Он смотрит, не отводя глаз своих, даже тогда, когда Бальдр, вздрогнув, оборачивается к нему. В его взгляде читается вопрос и немая мольба отвернуться, прекратить эту пытку, но на нее громовержец отвечает хищной злой улыбкой. Мог бы быть милосерднее с братом после произошедшего, ведь сам поклялся если не простить, то хотя бы забыть. Только так Бальдр согласился вернуться с ним в Асгард. «Никто никогда не узнает?» - торопливо на выдохе шепчет Бальдр, нерешительно шагая по следам, протоптанным Тором в грязи. «Никто никогда об этом не узнает,» - твердо вторит ему громовержец. И тогда он искренне верил, что сможет исполнить обещанное и не корить младшего брата за ошибку. Одну единственную, ведь в будущем у Бальдра не будет шанса оступиться. Тор ему не позволит.

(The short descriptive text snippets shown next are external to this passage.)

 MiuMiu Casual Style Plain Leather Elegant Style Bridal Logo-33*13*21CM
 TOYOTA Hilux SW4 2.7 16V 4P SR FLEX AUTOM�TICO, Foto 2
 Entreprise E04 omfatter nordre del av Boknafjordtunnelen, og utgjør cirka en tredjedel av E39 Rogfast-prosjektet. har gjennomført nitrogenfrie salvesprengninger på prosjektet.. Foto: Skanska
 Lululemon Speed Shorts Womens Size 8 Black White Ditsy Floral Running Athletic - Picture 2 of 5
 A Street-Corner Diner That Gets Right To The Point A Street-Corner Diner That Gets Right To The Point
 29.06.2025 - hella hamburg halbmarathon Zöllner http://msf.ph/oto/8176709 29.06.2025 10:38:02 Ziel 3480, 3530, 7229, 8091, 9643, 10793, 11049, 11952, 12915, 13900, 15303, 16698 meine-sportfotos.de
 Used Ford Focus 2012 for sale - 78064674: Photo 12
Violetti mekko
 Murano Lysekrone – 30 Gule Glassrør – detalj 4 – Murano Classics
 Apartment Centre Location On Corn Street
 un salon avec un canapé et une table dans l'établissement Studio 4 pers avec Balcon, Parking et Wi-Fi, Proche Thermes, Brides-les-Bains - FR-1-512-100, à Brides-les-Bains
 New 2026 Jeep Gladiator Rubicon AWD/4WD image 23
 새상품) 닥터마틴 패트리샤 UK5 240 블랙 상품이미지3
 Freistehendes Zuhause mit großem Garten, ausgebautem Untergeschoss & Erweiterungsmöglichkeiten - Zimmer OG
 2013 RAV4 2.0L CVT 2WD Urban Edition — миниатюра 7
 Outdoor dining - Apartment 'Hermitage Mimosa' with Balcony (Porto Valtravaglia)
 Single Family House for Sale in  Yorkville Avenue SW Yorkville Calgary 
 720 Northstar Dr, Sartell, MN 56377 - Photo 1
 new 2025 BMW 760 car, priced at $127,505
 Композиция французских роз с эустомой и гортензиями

- Будь я саксом, ты давно бы пировал вместе с другими в Вальгалле, Бальдр, - голос Тора беспечен и весел, пир закончился давно, но сладостная легкость от выпивки и податливых шлюх до сих пор будоражила кровь. Хотелось чуточку поиграть и подразнить братца, прежде чем отправиться спать под боком у разъяренной Сиф. Громовержец присел на корточки подле Бальдра и, зачерпнув своей огромной ладонью холодной воды, умыл лицо в надежде согнать хмель и прояснить голову. Брызнув пару раз в лицо Бальдру водой, Тор все же отказывается от заманчивой мысли прямо тут окунуть его с головой. Скучно и по-детски, наверняка, после брат убежит себе в опочивальню, боясь простудиться.
- Как хорошо, что я не сакс, правда? – укладывается прямо тут, на голой земле, спиной ощущая жар и пульсацию тела его матери – священной земли Ёрд. Ее всевечная близость успокаивает и убаюкивает Тора на минуту. Он чувствует, как его раскачивает сладкая томная дремота, и только злобный хищный азарт удерживает сознание на поверхности, - саксы трусливы, малодушны, вероломны, не то, что асы, правда?